I was born and raised in California, an American state whose weather and water patterns sometimes resemble those of Iran. California’s agricultural industry specializes in fruits, vegetables and nuts (almonds and pistachios).
I didn’t know very much about water management in California before studying for my PhD in Agricultural and Resource Economics (University of California Davis, 2002-2008), but I quickly learned that California has many problems. Farmers use 80 percent of the water but they always want more, so they have dried out rivers and emptied aquifers. In cities, there are problems with breaking pipes and poor water quality because too little money is spent on maintenance. Many cities have too little supply for local demand but price their water so cheaply that people waste it. Some cities are spending billions of dollars on desalination plants to get more supply while farmers flood desert fields with water that costs less than one percent of city prices. Politicians and water managers have talked about solutions for decades, but most of their ideas involve taking more water from ecosystems rather than reducing demand to sustainable levels. Climate change (which I call “climate disruption”) is making everything worse.
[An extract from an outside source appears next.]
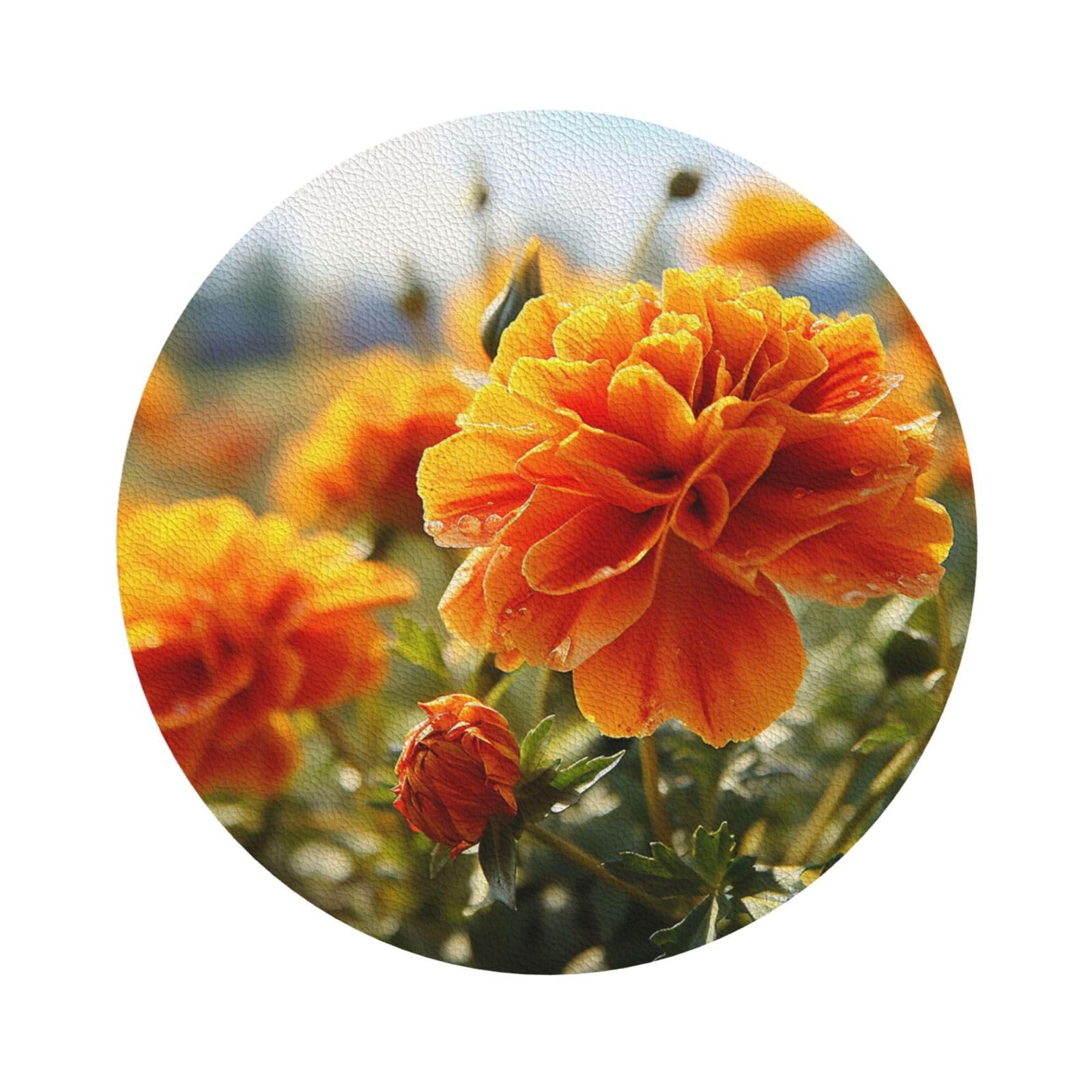 Fodpand Round Shape Marigold Flower Autumn Flowers Drink Coasters Set Of 4, Heat Resistant Leather Coasters Fuuny Bar Beer Beverage Coaster For Drinks, Absorbent Cup Mat For Tabletop Protection, Housewarming Gift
I’ve never visited Iran, but I have visited many countries in the region, and I am eager to learn more about your people, your land and your culture.
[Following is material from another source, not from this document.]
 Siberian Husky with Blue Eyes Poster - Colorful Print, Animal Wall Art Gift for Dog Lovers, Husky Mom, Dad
I am also eager to learn more about water in Iran: where it is, how you use it, and how you will live with water scarcity in the next 100 years.
In preparing this introduction, I did a little reading to learn more about water in your country. I already knew about qanats, but I was surprised to read that some of these systems are still working after 2,500 years. Sadly, I also learned that many qanats have fallen into disuse as communities have lost the traditions of collectively maintaining and repairing damage. One reason this has happened, I read, is that it has been easier and cheaper to pump water directly from the ground — a system that seems better in the short run but takes so much water that some land is forever dead.
I also read that farmers use around 90 percent of Iran’s water, with the rest going to municipal and industrial uses. These basic statistics make me wonder: who gets how much of that water? I suspect that larger industrial farms use more water. That’s what happens in California.
Those human uses add up to 100 percent, which makes me wonder how much water is left for the environment? I read that your Lake Urmia [see cover image above] is dying as its water is taken and its rivers dry out. Did you know that California used to have the largest freshwater lake in the western United States? Farmers dried out Tulare Lake with the help of government subsidies and laws that let them take as much as they wanted. Today, those same farmers are using groundwater so fast that their land is dropping by 10cm per year in some areas.
I read that some Iranians think that new dams and longer canals will bring enough water to allow “business as usual” to continue. In my experience those costly solutions don’t help because they increase water stress and risk for communities losing their water without encouraging sustainable use in the places receiving it.
As an economist, I know that my ideas (raise prices to reduce use, for example) are not very popular because nobody likes paying more for anything, but I am sure that you agree that it’s better to pay more to get a reliable supply instead of paying less to get nothing at all. Price increases, of course, have different impacts on rich and poor, so it’s important to try to protect the poor from those increases, just as it’s important to protect them from shortages.
Climate disruption will complicate all water management as it brings higher temperatures, stronger storms, and longer droughts. I moved to the Netherlands because the Dutch are good at managing their abundant water, but we are now struggling with a drought that is killing crops, drying rivers and increasing costs. Even here, it takes work to manage water for the benefit of all, today and in the future.
The bottom line is that increasing water scarcity means that people need to change their laws, habits and institutions of water management. This book will give you some ideas of how to do that.